-- ABOUT THIS TASK --
Print each line below verbatim, skipping every picture.

-- EXERCISE INPUT --
>>>>>
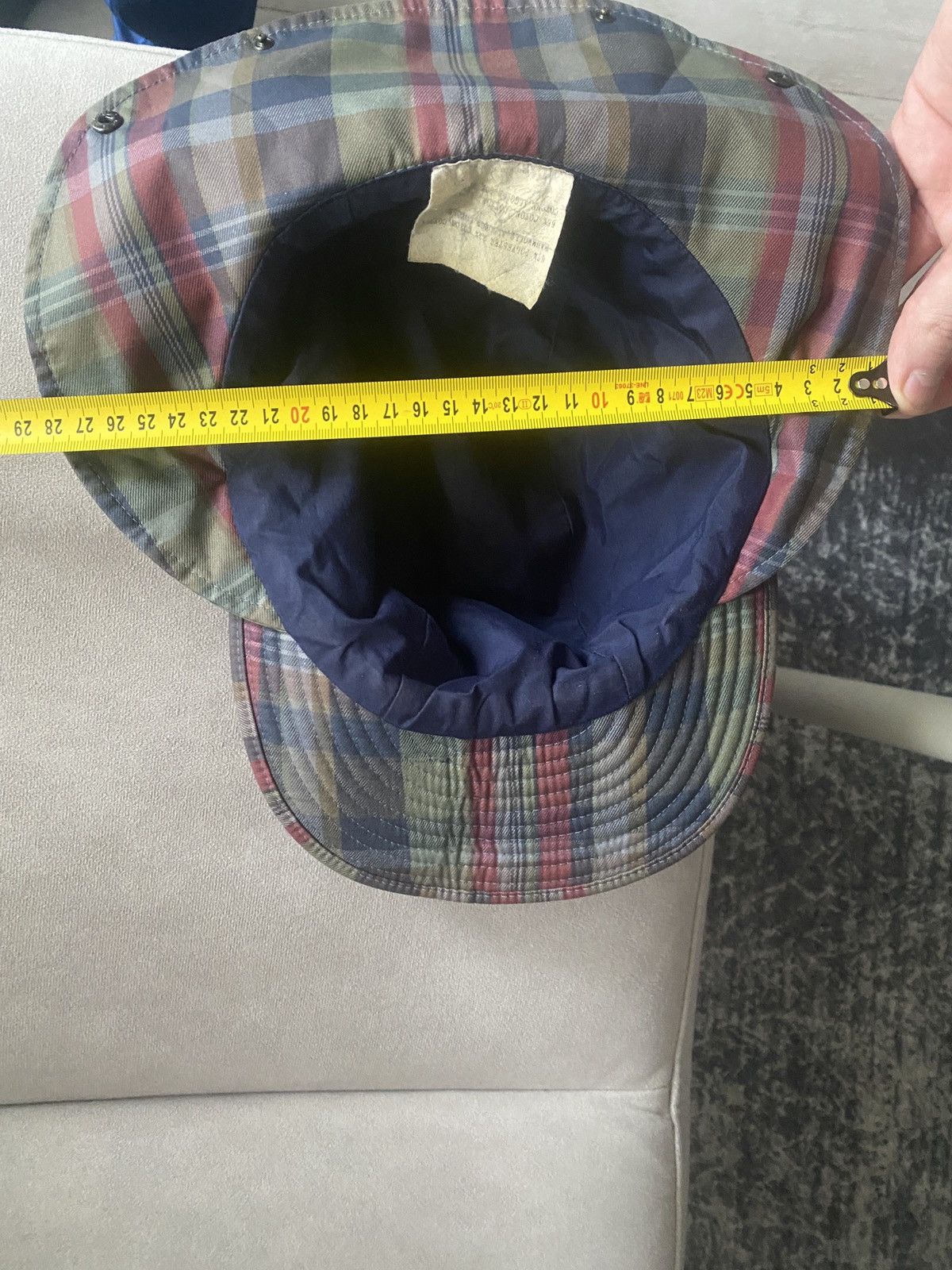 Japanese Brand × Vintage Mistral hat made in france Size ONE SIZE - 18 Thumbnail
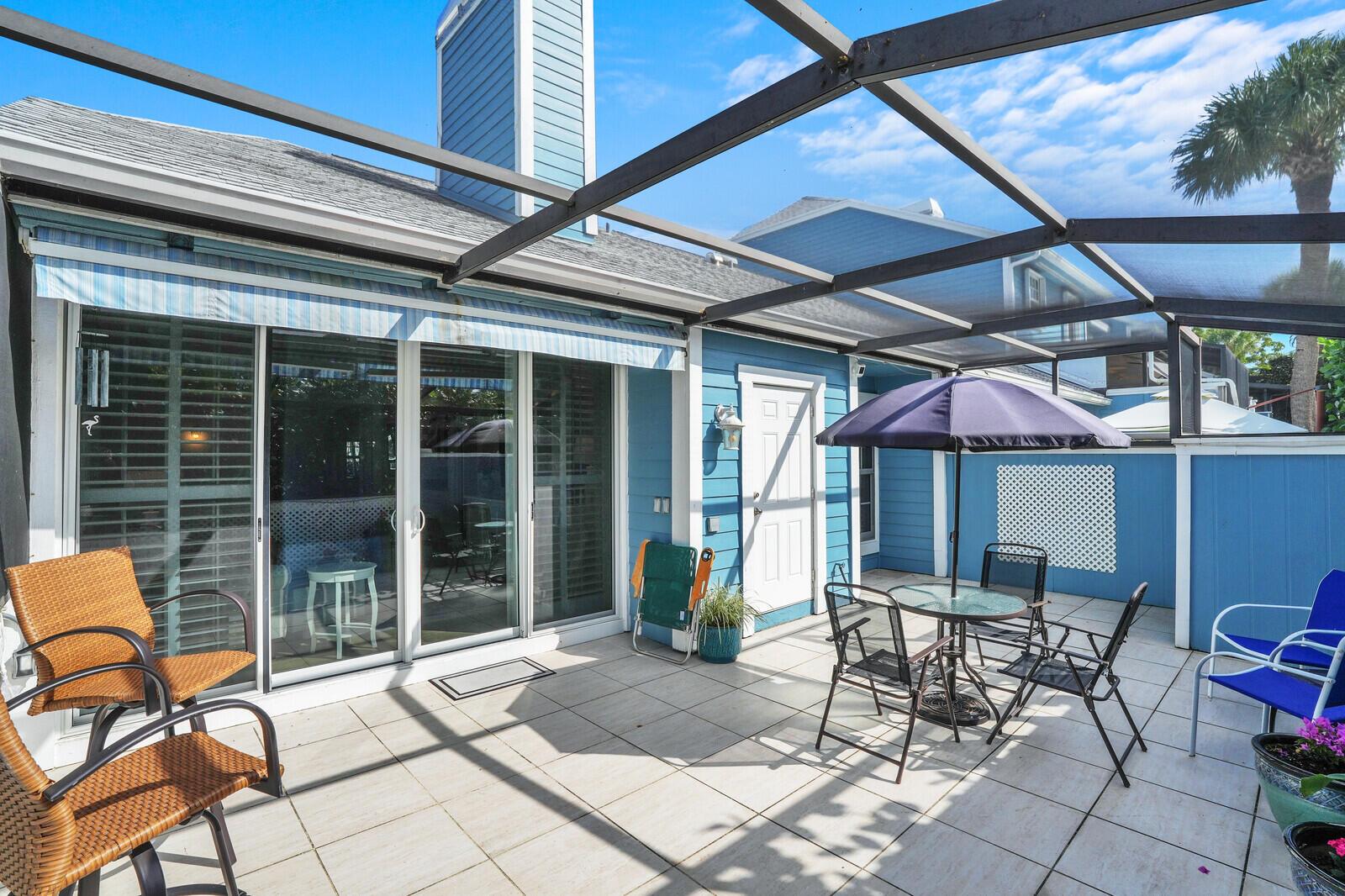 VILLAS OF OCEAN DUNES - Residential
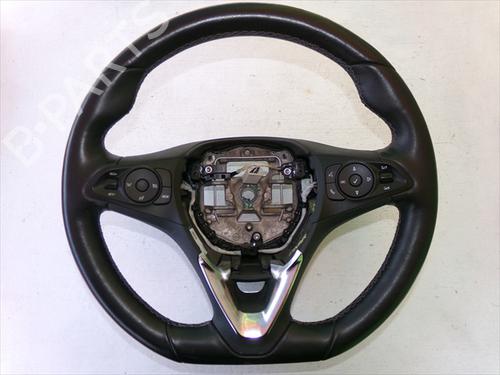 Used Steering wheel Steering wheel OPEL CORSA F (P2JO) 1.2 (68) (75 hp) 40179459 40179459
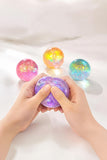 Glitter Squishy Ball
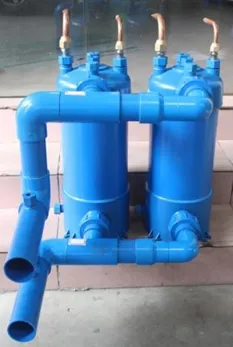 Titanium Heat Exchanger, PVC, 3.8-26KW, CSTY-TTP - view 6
<<<<<
-- EXERCISE SOLUTION --
 Japanese Brand × Vintage Mistral hat made in france Size ONE SIZE - 18 Thumbnail
 VILLAS OF OCEAN DUNES - Residential
 Used Steering wheel Steering wheel OPEL CORSA F (P2JO) 1.2 (68) (75 hp) 40179459 40179459
 Glitter Squishy Ball
 Titanium Heat Exchanger, PVC, 3.8-26KW, CSTY-TTP - view 6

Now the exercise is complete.